Des salariés du site d'Air France Industries à Toulouse sont en grève depuis plusieurs jours. Face au remplacement annoncé par la compagnie des avions de la famille A320 au sein de sa flotte par des A220, les 280 salariés toulousains spécialisés sur la maintenance des premiers cités se retrouvent sur le papier sans activité. De quoi craindre une fermeture du site quelques mois après un plan de départs volontaires ? Contactée par La Tribune, la direction d'Air France se veut rassurante à ce sujet et propose un tournant militaire à ce site industriel. Une mono-activité dangereuse selon les syndicats.

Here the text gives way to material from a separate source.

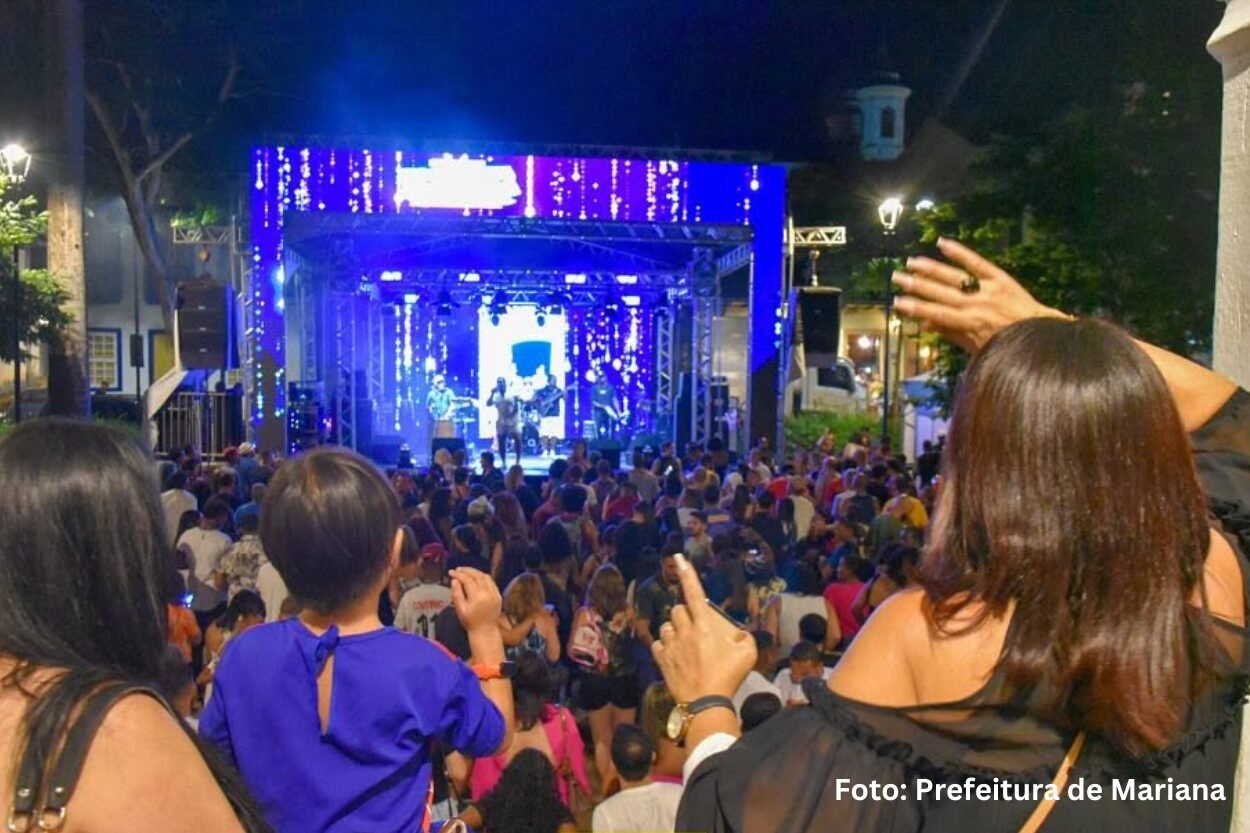 Pré-Carnaval de Mariana agita o fim de semana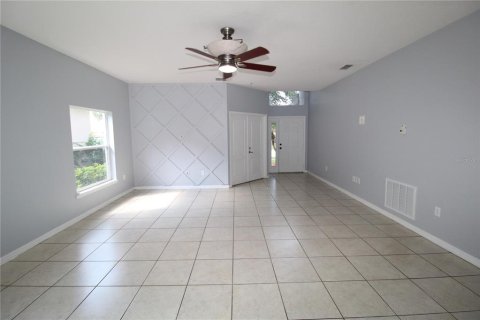 House in Kissimmee, Florida 4 bedrooms, 160.26 sq.m. № 1327292 - photo 3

Le site d'Air France Industrie à proximité de l'aéroport Toulouse-Blagnac est ouvert depuis 2004.
Le site d'Air France Industrie à proximité de l'aéroport Toulouse-Blagnac est ouvert depuis 2004. (Crédits : Rémi Benoit)

Après un nouveau débrayage de plusieurs heures jeudi 12 mai, les 280 salariés du site Air France Industries, situé à proximité de l'aéroport Toulouse-Blagnac, ont décidé de reconduire leur mouvement de grève pour les jours à venir. La raison ? La confirmation de la commande de 60 A220 de la compagnie française auprès du constructeur Airbus. Le lien entre les deux ? Les conséquences sur leur activité et donc la pérennité de leur emploi.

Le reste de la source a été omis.